Steven Curtis Chapman Finds Freedom in His Artistry

Posted in MusicWorld on October 31, 2001 by

After more than a decade of writing songs that have become anthems in the contemporary Christian music community, Steven Curtis Chapman admits his evolution as a songwriter has taken him to a new place in his artistry, a place where he feels more freedom than ever to share what's on his heart and mind.

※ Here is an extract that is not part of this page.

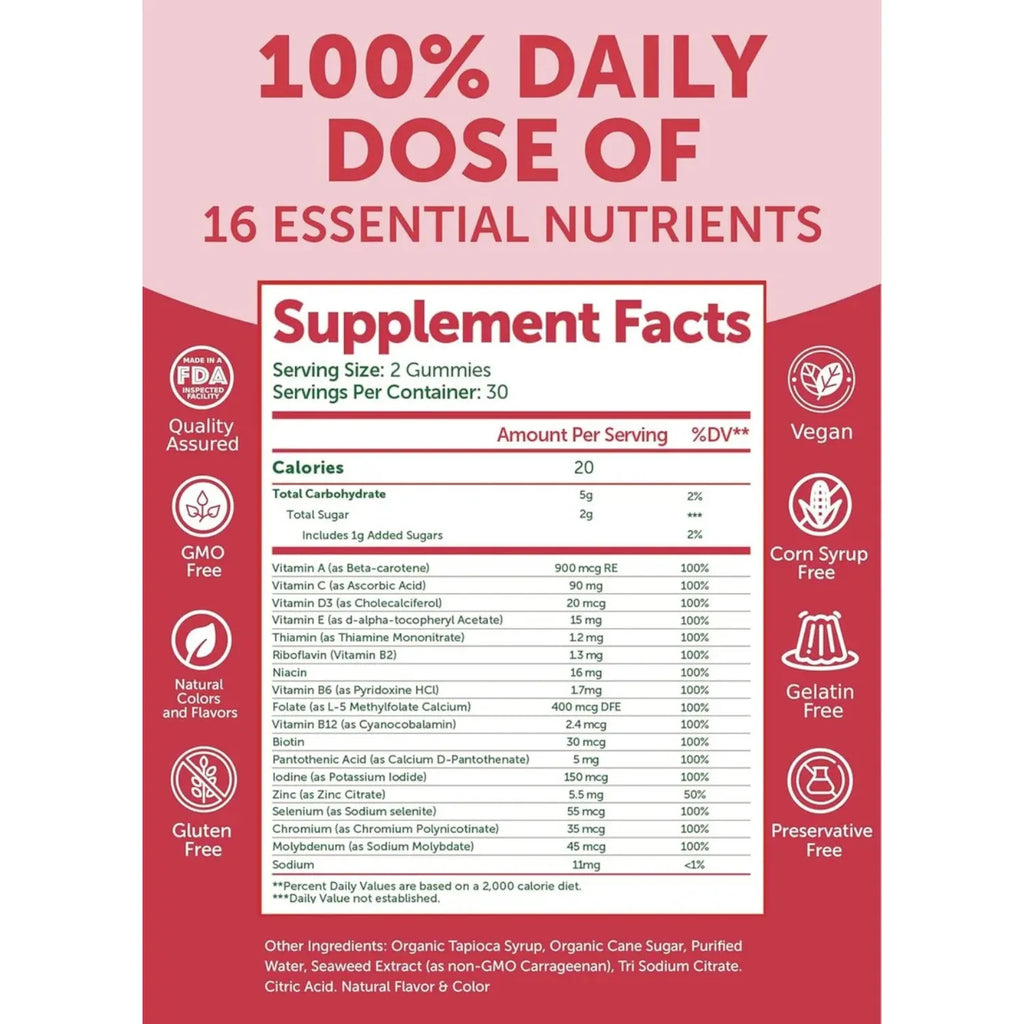 Lunakai Women's Multivitamin Gummy 60 gomitas sfn berry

"I think that you learn more and more how to be more honest," says Chapman. "There's more freedom to be honest as you develop a relationship with the listeners. I'm one of the extremely fortunate guys. There's a whole history. People have walked through that journey with me so many times."

Chapman is Christian music's most-awarded artist, with a lengthy list of accolades that numbers four Grammy awards and 44 Dove Awards - including seven wins in the male vocalist category and an unprecedented nine Songwriter of the Year honors. He was also named the 2001 BMI Christian Music Songwriter of the Year (an honor he shared with Toby McKeehan). On his 12th Sparrow album, Declaration, Chapman delivers his most vulnerable work to date. Admitting that the last couple of years have been an emotional roller coaster that included such euphoric highs as adopting an infant daughter, Shaohannah, from China and such heartbreaking lows as the death of a family friend, the songs he wrote for the project reflect the myriad of emotions he experienced.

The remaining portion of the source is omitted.